O segundo erro principal foi não nos atentarmos sobre em qual desses espaços ou instâncias das Conferências os discursos que conseguimos encontrar foram feitos. Isso nos impediu, por exemplo, de utilizar alguns discursos concedidos pelos órgãos via LAI, pois tratavam de discursos feitos em outros espaços, mais técnicos e menos políticos. A partir de então, combinamos de usar para este trabalho somente registros de discursos feitos durante abertura, encerramento ou no segmento de Alto Nível da Convenção.
O pedido referente a todos os discursos de todas as COP feito ao Ministério do Meio Ambiente tomou um caminho bem diferente do feito ao Itamaraty.

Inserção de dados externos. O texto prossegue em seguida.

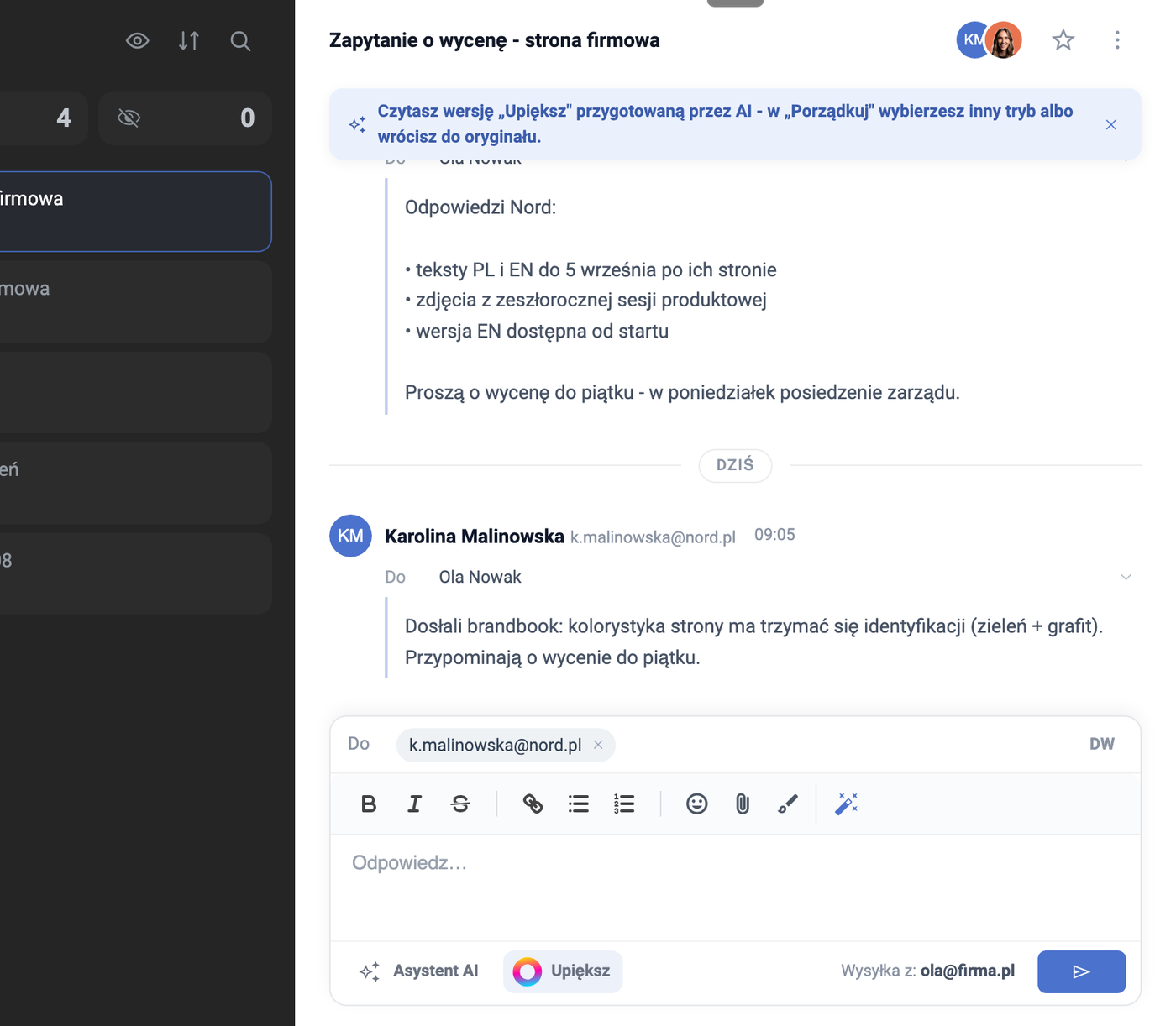 Otwarty wątek pocztowy z banerem informującym o wersji Upiększ przygotowanej przez AI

Apesar de ter pedido prorrogação de início, a primeira resposta do MMA foi inesperada: responderam que teriam apenas o registro do discurso da COP de 2021, feito pelo ministro Joaquim Leite, sucessor de Ricardo Salles.
Retrucamos, questionando como o MMA não tinha sequer o registro da COP de 2019, quando Salles era ministro do mesmo governo do ministro Joaquim Leite. Apontamos, também, que não houve qualquer justificativa para não encontrarem nenhum outro registro de discurso dos outros 20 eventos solicitados.
Para reforçar a argumentação, envidamos uma nova pesquisa (não exaustiva) no próprio site do ministério. Encontramos um link no antigo site - estava fora do ar mesmo duas semanas após o segundo turno, com o aviso das eleições - com publicação que compilava todas as intervenções e discursos de Isabella Teixeira, ministra do Meio Ambiente de 2010 a 2016, durante as COP Climáticas das quais participou como representante do governo brasileiro. Enviamos o link na resposta de 1ª instância com a seguinte conclusão, em destaque na imagem:
É curioso que na primeira resposta houve um desentendimento interno do órgão, o que se desenrolou em uma argumentação igualmente confusa, pois o pedido é classificado como “deferido”, ou seja, que seriam franqueados os discursos. Apesar de a chefe de gabinete do ministro do Meio Ambiente nos dar razão, a representante do “Ponto Focal Nº1 - Ascom” ignora o entendimento da colega, e registra dois argumentos contrários.
Primeiro, a pessoa apenas confirma que o link enviado como exemplo é real, fazendo a ressalva de que os hiperlinks internos não funcionam mais - com exceção de um, que foi repassado, mas ao ser checado para este texto, retorna um aviso de “vídeo indisponível” no YouTube. No organograma do MMA, o gabinete do ministro é quem coordena a assessoria de comunicação, portanto o entendimento da chefe de gabinete deveria se impor.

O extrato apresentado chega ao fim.